Sunday, November 10, 2013

CLX


151. The phenomenon that we know as sanity is the further product of our conscious juggling limiting our physical experiences to the norms of our cohabiting physical entities. Even when an experience outside this realm exists or occurs, it is quickly reduced by our shared inhabitation of the physical world—to the prevailing “norm of experience.” (4, 64)

152. What we refer to as insanity is a complete experience of phenomena that falls outside the “norms of experience,” accompanied by a breakdown in our cosmic juggling process.

153. Thus, it is most frequently from the mouths of the “insane” that we are accosted by undisguised truths that frequently take years more to be recognized by the “sane.”

154. It seems that there must be some reason that our infinite consciousness voluntarily limits our existence to a time/space relationship. Perhaps experience of emotion can take place only in these confines and in order to maintain an appropriate balance in our cosmic juggling, we must have the experience of emotion available only in time/space relationships.

155. The word spiritual has as a root the word ritual. It can frequently be seen that a person’s spiritual growth and nature is based upon the type/form/content of that person’s rituals.

156. If a person is a Sunday-morning-church-worshipper, the rituals of that church will be a source for spiritual growth (if the spirit can be said to “grow”); and far more so than the “message” of the minister. But what will surprise people is that the daily rituals that we perform (bathing, shaving, morning cup of coffee, glass of wine with dinner, nightcap, etc.) are more profoundly influential to our spiritual development than the act of Eucharist.

157. The ritual is the means of engaging the spirit.

158. The spirit is engaged (as in put in gear) with the universal conscious (god, goddess, etc.). It is, then, the source of motive power for life (13-16). That motive power provides us with means for living within our physical limitations—or beyond them.

159. To ask if one believes in the spirit (universal conscious, god, goddess, etc.) is much like asking if he or she believes in stones. You may build with them, throw them, carve them, shape them, break them, or ignore them. They are not a subject for belief. That is irrelevant.

160. In the same way, the spirit may be bent, shaped, built with, etc.—used—or ignored. But it is not of the realm of belief. Religion, on the other hand, is a system of beliefs and is irrelevant to the spirit.
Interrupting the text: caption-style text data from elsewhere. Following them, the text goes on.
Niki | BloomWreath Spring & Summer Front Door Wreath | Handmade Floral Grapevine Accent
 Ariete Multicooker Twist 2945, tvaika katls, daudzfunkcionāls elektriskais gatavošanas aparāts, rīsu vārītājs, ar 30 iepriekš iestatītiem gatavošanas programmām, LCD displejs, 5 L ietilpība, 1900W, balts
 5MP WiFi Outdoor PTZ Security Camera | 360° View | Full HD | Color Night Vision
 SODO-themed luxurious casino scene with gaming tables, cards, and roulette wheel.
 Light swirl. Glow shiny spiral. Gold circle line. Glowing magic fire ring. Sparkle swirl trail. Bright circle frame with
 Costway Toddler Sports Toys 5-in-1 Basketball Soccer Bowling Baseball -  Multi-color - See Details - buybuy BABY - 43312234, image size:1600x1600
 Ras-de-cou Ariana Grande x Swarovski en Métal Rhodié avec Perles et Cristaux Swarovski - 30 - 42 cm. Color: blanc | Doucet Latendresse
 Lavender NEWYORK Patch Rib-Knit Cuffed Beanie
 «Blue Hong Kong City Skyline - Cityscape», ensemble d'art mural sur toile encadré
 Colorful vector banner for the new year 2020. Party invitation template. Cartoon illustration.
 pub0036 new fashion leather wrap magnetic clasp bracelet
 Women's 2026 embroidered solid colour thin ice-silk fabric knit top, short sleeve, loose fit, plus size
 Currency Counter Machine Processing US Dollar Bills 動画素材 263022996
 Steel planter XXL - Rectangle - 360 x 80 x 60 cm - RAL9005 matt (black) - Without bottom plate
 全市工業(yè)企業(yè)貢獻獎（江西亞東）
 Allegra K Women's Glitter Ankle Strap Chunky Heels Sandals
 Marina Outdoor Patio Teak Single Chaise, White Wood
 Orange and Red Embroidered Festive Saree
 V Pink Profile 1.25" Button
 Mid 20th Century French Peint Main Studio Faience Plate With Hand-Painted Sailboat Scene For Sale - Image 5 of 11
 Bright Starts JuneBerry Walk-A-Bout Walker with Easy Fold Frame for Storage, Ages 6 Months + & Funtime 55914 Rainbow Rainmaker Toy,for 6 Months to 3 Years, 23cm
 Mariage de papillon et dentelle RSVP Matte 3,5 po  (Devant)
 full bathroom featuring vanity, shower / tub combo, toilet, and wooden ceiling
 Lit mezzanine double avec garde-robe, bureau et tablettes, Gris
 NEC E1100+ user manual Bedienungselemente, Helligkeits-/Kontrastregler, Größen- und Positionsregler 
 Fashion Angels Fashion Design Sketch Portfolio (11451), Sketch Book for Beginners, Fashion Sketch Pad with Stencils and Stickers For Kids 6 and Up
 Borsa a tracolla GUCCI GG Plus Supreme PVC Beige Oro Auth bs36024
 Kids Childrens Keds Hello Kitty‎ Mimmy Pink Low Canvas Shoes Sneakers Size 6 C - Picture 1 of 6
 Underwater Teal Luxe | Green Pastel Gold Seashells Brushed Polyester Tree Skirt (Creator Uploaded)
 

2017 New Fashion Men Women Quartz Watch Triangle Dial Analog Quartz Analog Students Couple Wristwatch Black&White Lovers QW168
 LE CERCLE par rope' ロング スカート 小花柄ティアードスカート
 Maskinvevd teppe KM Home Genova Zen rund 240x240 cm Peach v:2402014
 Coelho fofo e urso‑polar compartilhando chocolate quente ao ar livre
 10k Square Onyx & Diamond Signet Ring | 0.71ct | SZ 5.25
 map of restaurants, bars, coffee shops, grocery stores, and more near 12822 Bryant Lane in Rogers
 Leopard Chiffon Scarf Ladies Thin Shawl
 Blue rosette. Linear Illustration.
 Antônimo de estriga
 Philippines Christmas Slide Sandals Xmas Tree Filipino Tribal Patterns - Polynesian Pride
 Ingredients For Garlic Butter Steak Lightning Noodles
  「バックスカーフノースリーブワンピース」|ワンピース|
Editor’s Note: As noted in the previous ten, the first four verses above are part of the “brown” section of the second hundred. Wesley’s experience, falling outside the norm of humanity, left him constantly struggling to affirm his sanity—sometimes successfully. The latter six verses, returning to his standard black fountain pen, contain Wesley’s most vehement indictment of “religion” as “irrelevant to the spirit.”